--- DIRECTIONS ---
Print the entries verbatim, leaving out the images they contain.

--- DATA FOR PROCESSING ---
>>>

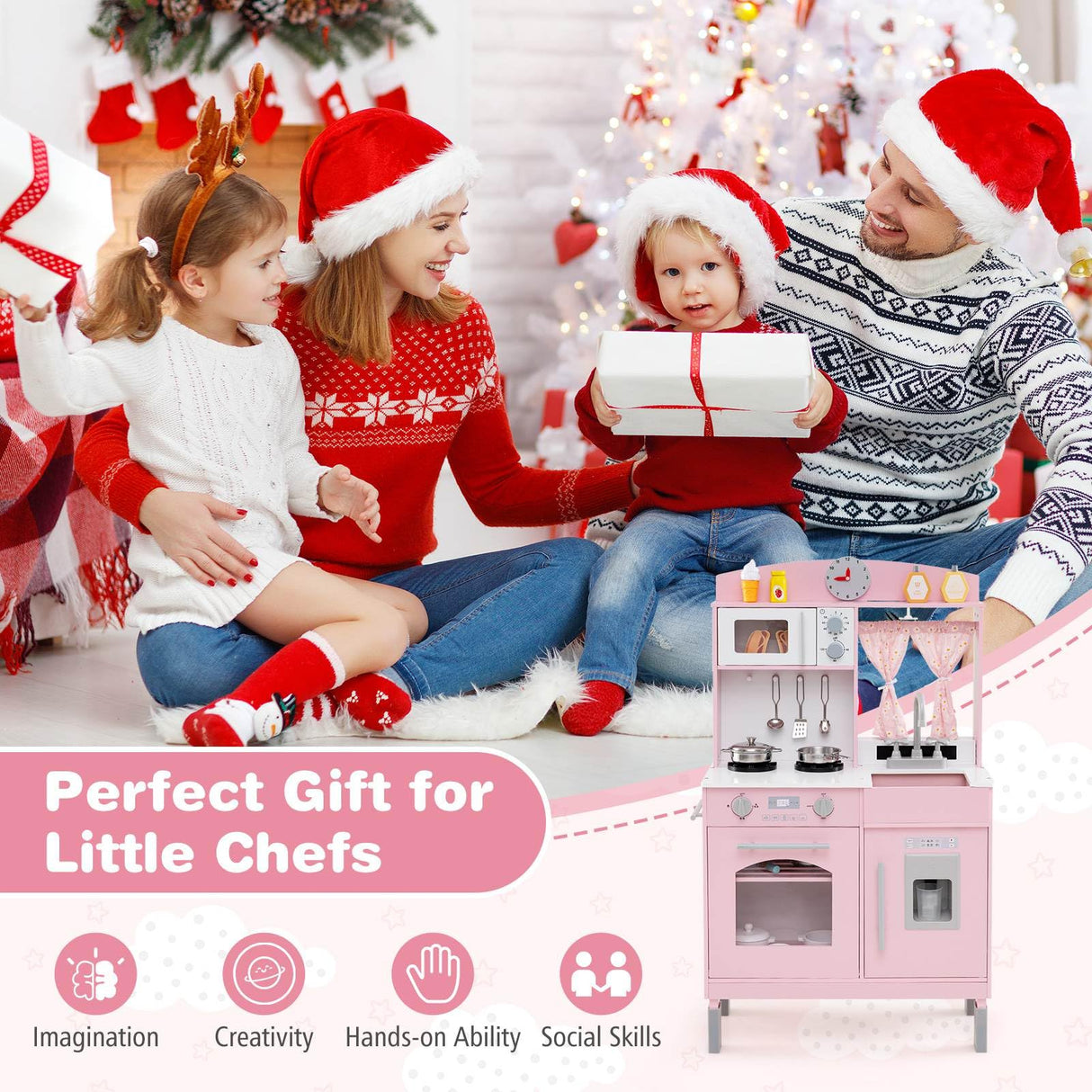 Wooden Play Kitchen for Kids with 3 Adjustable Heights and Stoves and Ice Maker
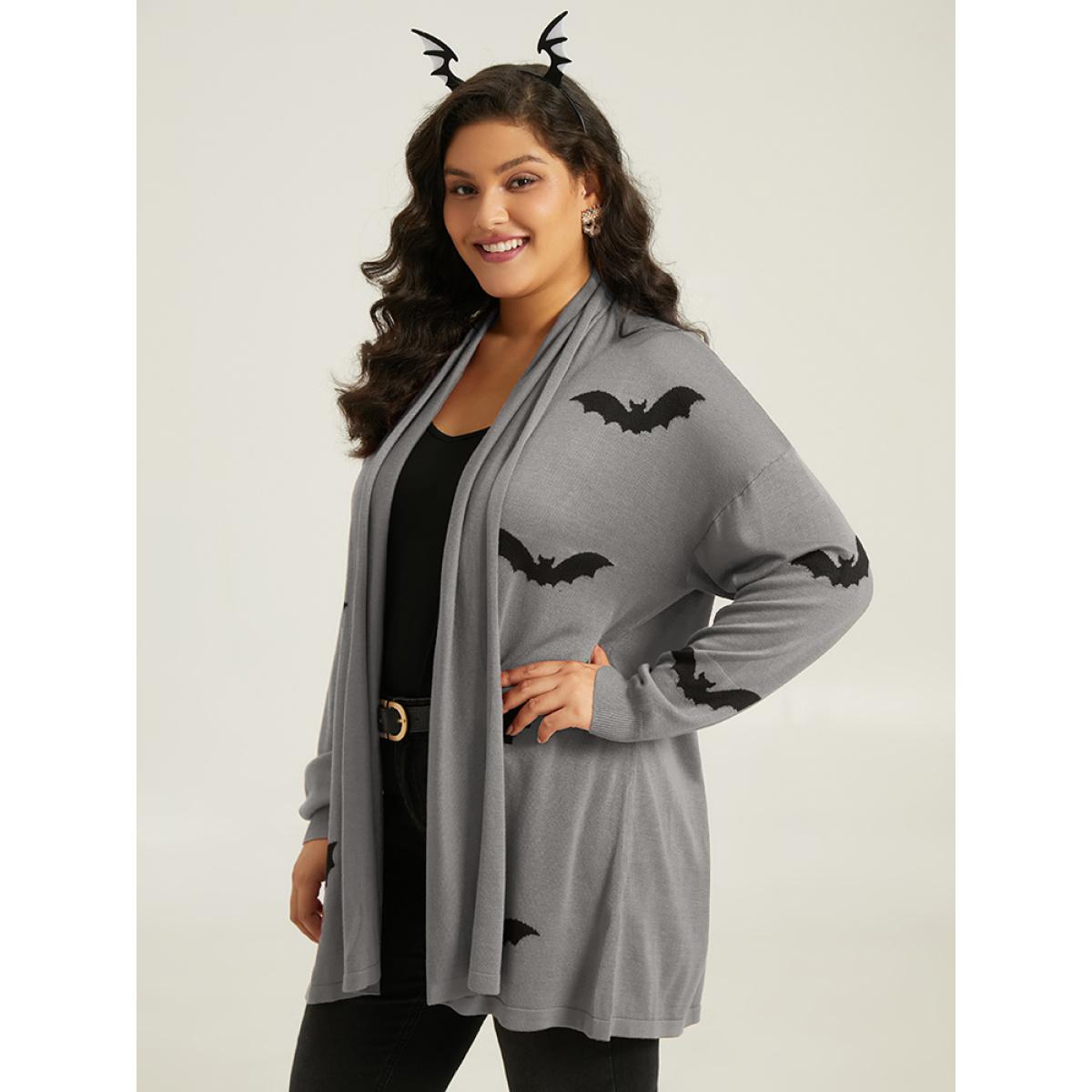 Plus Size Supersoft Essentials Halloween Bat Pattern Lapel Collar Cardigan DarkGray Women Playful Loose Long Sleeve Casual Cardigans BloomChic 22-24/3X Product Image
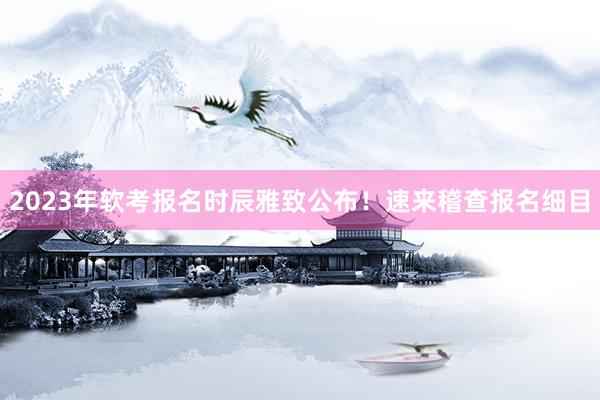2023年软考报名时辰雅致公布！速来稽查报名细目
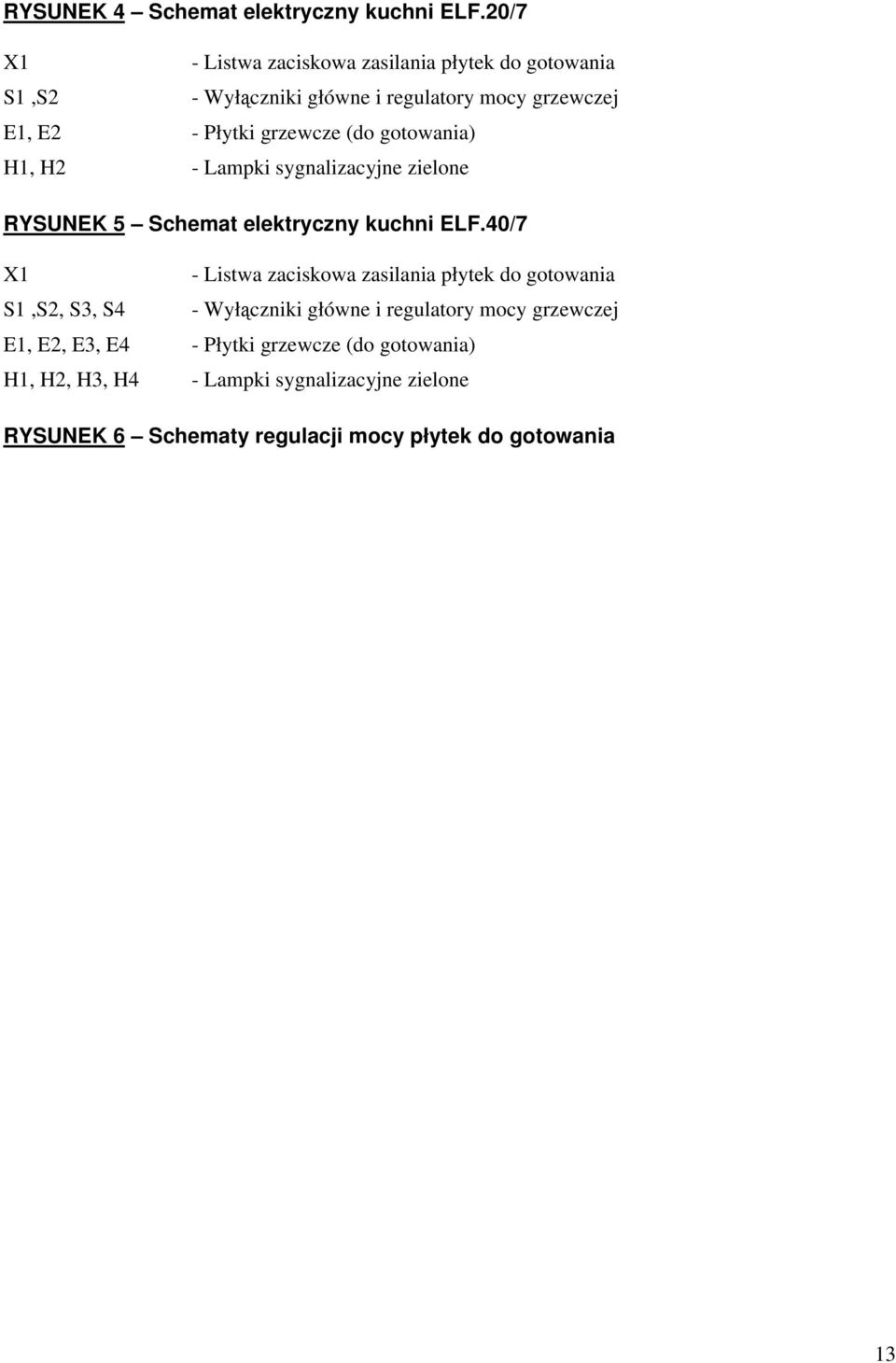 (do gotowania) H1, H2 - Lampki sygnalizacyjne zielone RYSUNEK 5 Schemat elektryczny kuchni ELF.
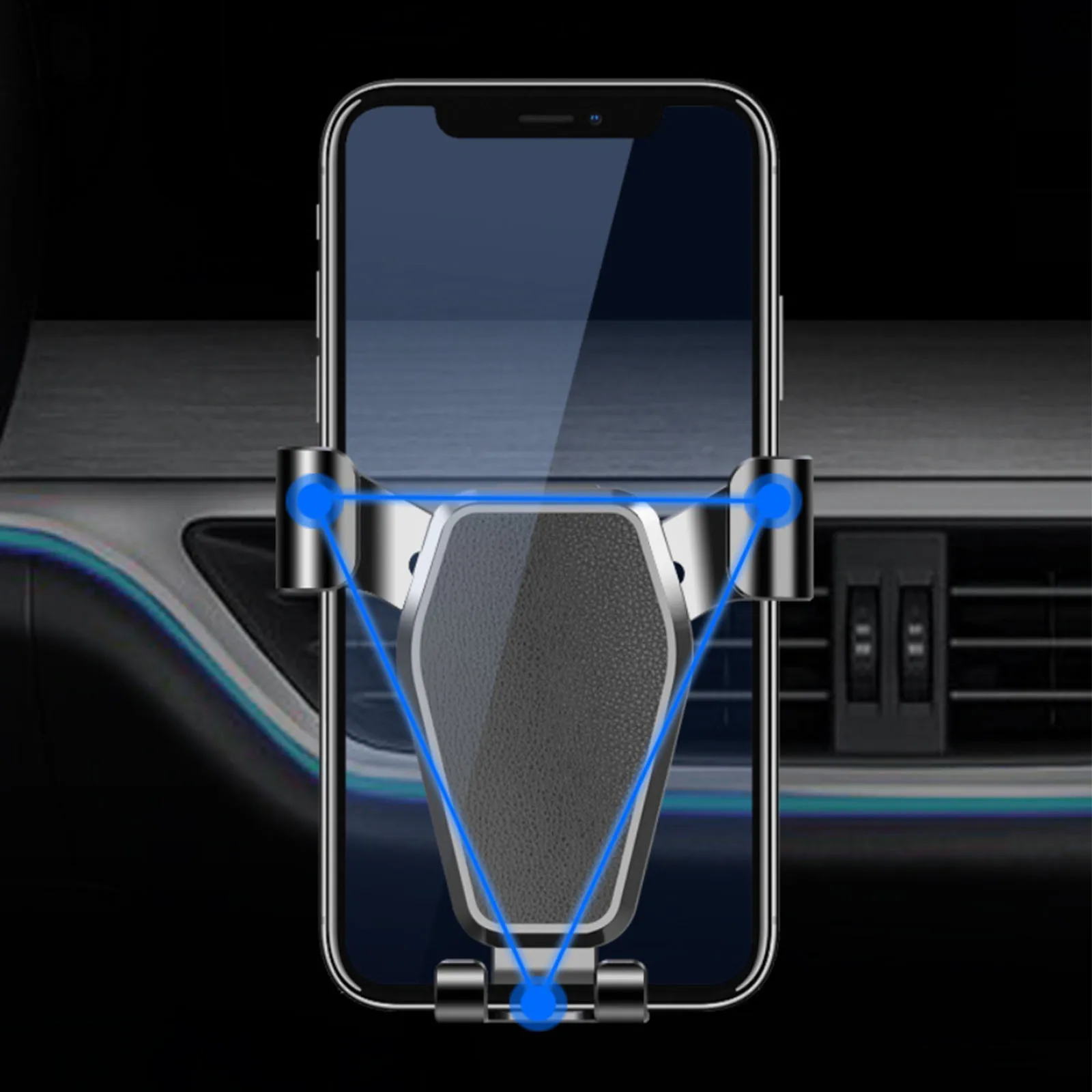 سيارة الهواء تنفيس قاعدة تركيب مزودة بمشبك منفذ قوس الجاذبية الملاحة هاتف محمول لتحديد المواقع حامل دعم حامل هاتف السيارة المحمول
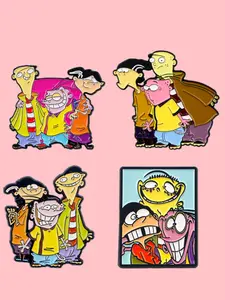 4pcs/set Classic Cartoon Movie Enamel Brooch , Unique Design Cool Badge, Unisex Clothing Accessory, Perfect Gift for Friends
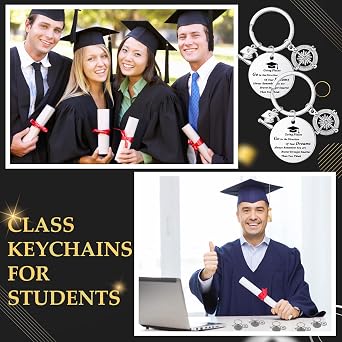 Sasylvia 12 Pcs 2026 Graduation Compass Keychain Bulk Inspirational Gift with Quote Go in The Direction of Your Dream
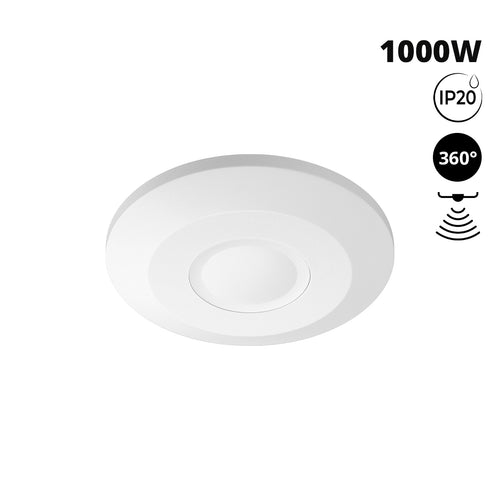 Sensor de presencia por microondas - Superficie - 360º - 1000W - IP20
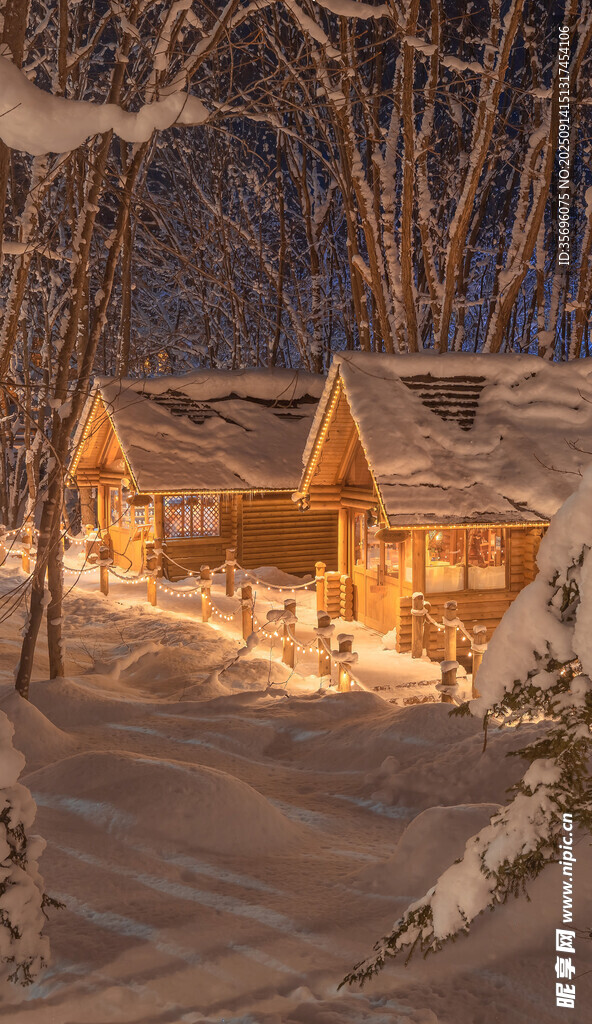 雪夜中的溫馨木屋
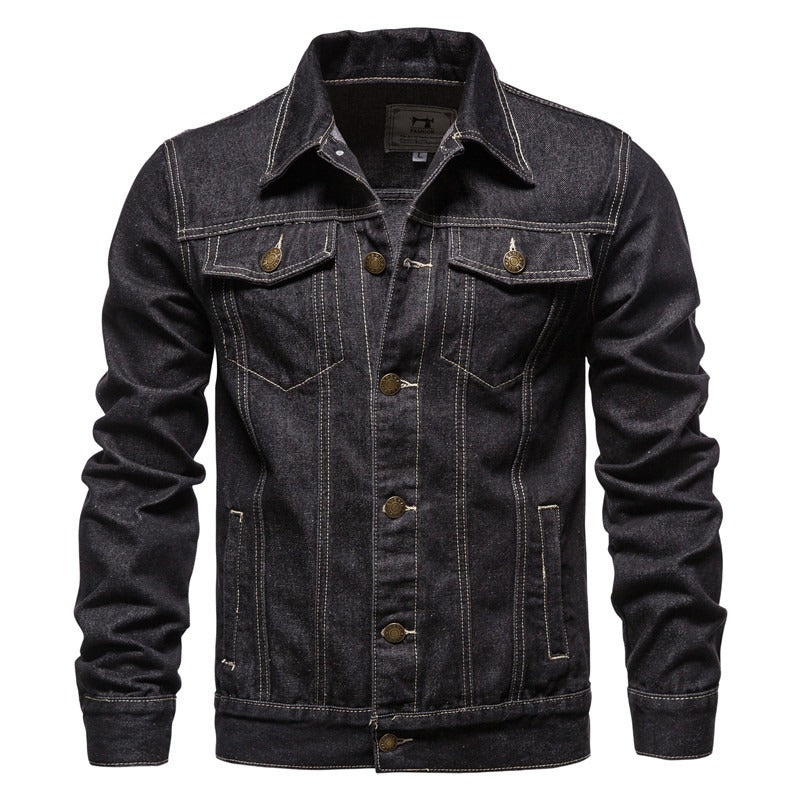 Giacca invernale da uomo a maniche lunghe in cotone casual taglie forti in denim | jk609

<<<

--- SOLVED EXERCISE ---
 Wooden Play Kitchen for Kids with 3 Adjustable Heights and Stoves and Ice Maker
 Plus Size Supersoft Essentials Halloween Bat Pattern Lapel Collar Cardigan DarkGray Women Playful Loose Long Sleeve Casual Cardigans BloomChic 22-24/3X Product Image
2023年软考报名时辰雅致公布！速来稽查报名细目
 (do gotowania) H1, H2 - Lampki sygnalizacyjne zielone RYSUNEK 5 Schemat elektryczny kuchni ELF.
 سيارة الهواء تنفيس قاعدة تركيب مزودة بمشبك منفذ قوس الجاذبية الملاحة هاتف محمول لتحديد المواقع حامل دعم حامل هاتف السيارة المحمول
 4pcs/set Classic Cartoon Movie Enamel Brooch , Unique Design Cool Badge, Unisex Clothing Accessory, Perfect Gift for Friends
 Sasylvia 12 Pcs 2026 Graduation Compass Keychain Bulk Inspirational Gift with Quote Go in The Direction of Your Dream
 Sensor de presencia por microondas - Superficie - 360º - 1000W - IP20
 雪夜中的溫馨木屋
 Giacca invernale da uomo a maniche lunghe in cotone casual taglie forti in denim | jk609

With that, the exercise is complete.